Angry demonstrators, captured on amateur video, stormed the U.S. Embassy in Cairo and ripped apart an American flag. Gunmen with automatic rifles and rocket-propelled grenades, also motivated by the trailer, attacked U.S. consulate offices in the Libyan city Benghazi to protest the anti-Islam scenes they called "blasphemous," Reuters reported.
The protesters set the consulate on fire and late Tuesday Secretary of State Hillary Rodham Clinton confirmed that a State Department officer had been killed in the Benghazi attack.
"The United States deplores any intentional effort to denigrate the religious beliefs of others." she said. "But let me be clear: There is never any justification for violent acts of this kind."
"Islamic, Islamic.
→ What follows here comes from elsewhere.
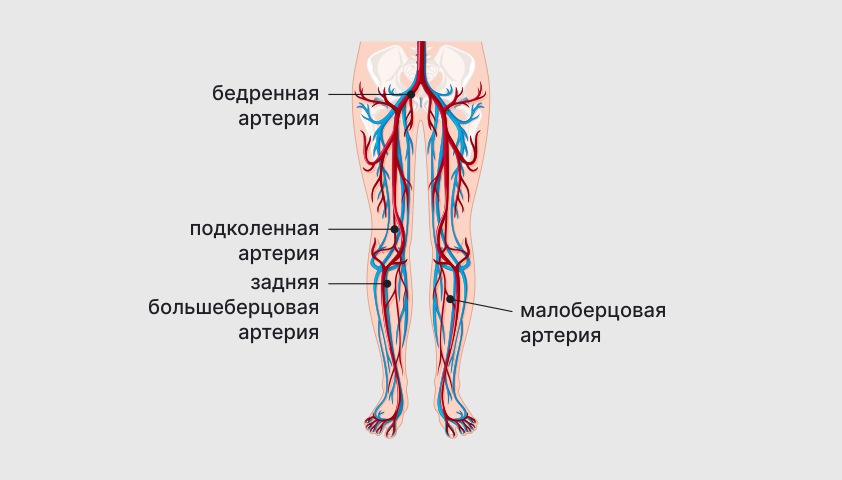 Артерий нижних конечностей что это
The right of our prophet will not die," chanted protesting crowds, according to an Associated Press report.
"The main problem is I am the first one to put on the screen someone who is [portraying] Muhammad. It makes them mad," the amateur filmmaker told the Associated Press. "But we have to open the door. After 9/11 everybody should be in front of the judge, even Jesus, even Muhammad."
Bacile, who said in the interview that he planned to produce 200 hours on the same subject, didn't know who added the translations to his original English-language trailer.
The Arabic-dubbed video (posted below) had garnered more than 40,000 views by Tuesday afternoon.